European Commission

IP/04/369

Brussel, 22 maart 2004

Raad keurt nieuw statuut EU-ambtenaren goed administratieve hervorming is rond

De Raad heeft het voorstel van de Commissie over de modernisering van het statuut van de EU-ambtenaren vandaag definitief goedgekeurd. De hervorming bestrijkt elk aspect van de loopbaan en de arbeidsvoorwaarden voor de EU-ambtenaren en de overige personeelsleden van de instellingen, van indiensttreding tot pensioen. Centraal staat een loopbaanstructuur met twee personeelscategorieën, administrateurs en assistenten, in plaats van de vier categorieën tot nu toe. In de nieuwe structuur hangt salarisverhoging veel meer af van een aantoonbaar prestatieniveau en veel minder van anciënniteit. De loopbaanontwikkeling van elke ambtenaar is voortaan gekoppeld aan een objectieve jaarlijkse beoordeling van de individuele prestaties, ook voor het leidinggevend personeel, en er komen procedures om ondermaats functioneren streng maar rechtvaardig aan te pakken. In het nieuwe statuut zitten onder meer een aangepaste pensioenregeling met een hogere pensioenleeftijd en hogere bijdragen, een rationalisering van de toeslagen, een bezoldiging die afhangt van de prestaties en een actualisering van de arbeidsvoorwaarden (met bijvoorbeeld betere voorwaarden voor moederschapsverlof en een nieuwe categorie verlof om gezinsredenen). Het nieuwe statuut levert in vergelijking met de situatie zonder hervorming een besparing op die het komende decennium tot 100 miljoen euro per jaar oploopt.
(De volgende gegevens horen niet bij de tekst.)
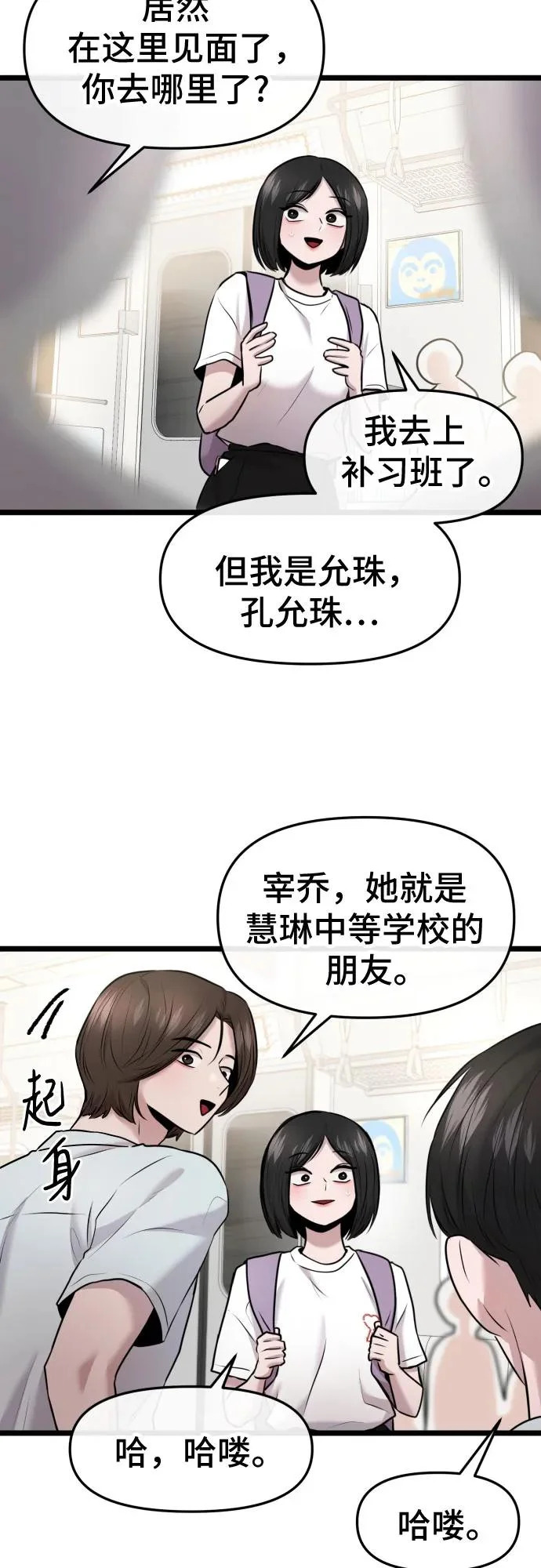 第79话 第65页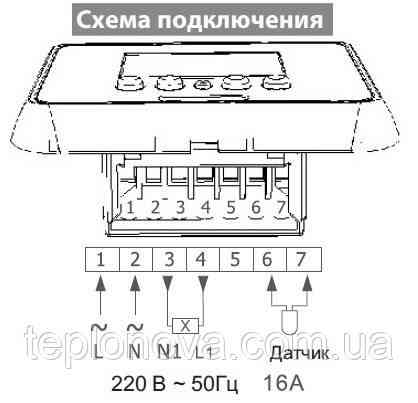 Терморегулятор для теплого пола программируемый Castle E51.716 Черновцы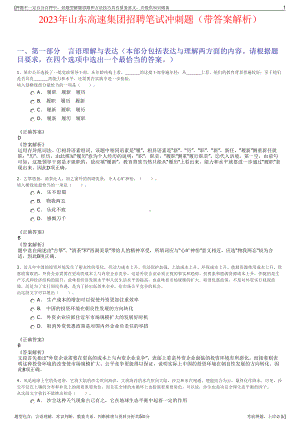 2023年山东高速集团招聘笔试冲刺题（带答案解析）.pdf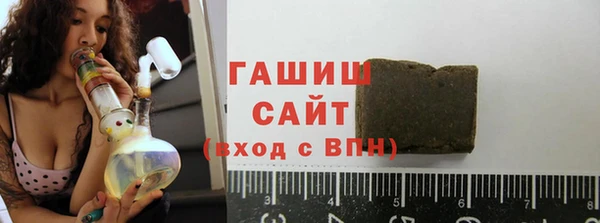 стаф Гусиноозёрск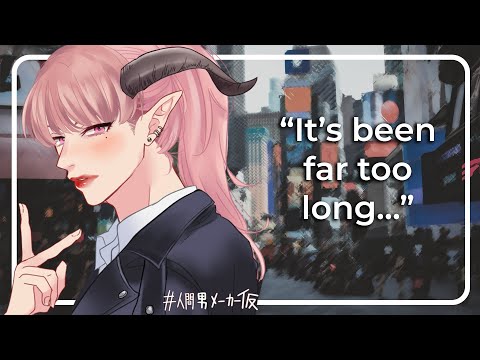 [F4A] [TF4A] Reuniting With Your Childhood Friend (She's a Dragon) [Dragon Speaker] [Human Listener]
Vice-voorzitter Neil Kinnock, die over de hervorming gaat, drukte zijn instemming met de goedkeuring van het statuut door de Raad als volgt uit: "Deze Commissie heeft zich aan haar belofte gehouden de EU-administratie volledig te hervormen. Ze heeft een ruime, snelle en grondige hervorming met reële besparingen doorgevoerd. Onze instelling heeft nu een modern, geïntegreerd personeelsbeleid waarbij de nadruk meer dan ooit ligt op de kwaliteit van het beheer en op regels waardoor het personeel uitstekend werk kan blijven leveren. Het is natuurlijk essentieel dat de volgende Commissies deze vooruitgang behouden, zodat we als organisatie aan de eisen blijven voldoen. Dat is in het belang van de instelling en haar personeel, maar bovenal ook in het belang van de Unie en de burgers voor wie wij werken. Door de goedkeuring van het nieuwe statuut beschikken de EU-instellingen bovendien over een stabiel en modern personeelsbeleid om de uitbreiding aan te gaan."

Nieuwe loopbaanregeling

Het oude loopbaansysteem bestond meer dan veertig jaar. Salarisverhogingen hingen vooral van de anciënniteit af: voor sommige rangen nam het salaris ook zonder bevordering op basis van merite in 16 jaar automatisch met 38% toe. Het nieuwe systeem houdt ook rekening met de ervaring (die is in elke overheidsdienst nodig), maar de salarisverhoging op basis van anciënniteit blijft beperkt tot ten hoogste 20% en bevordering hangt af van het prestatieniveau.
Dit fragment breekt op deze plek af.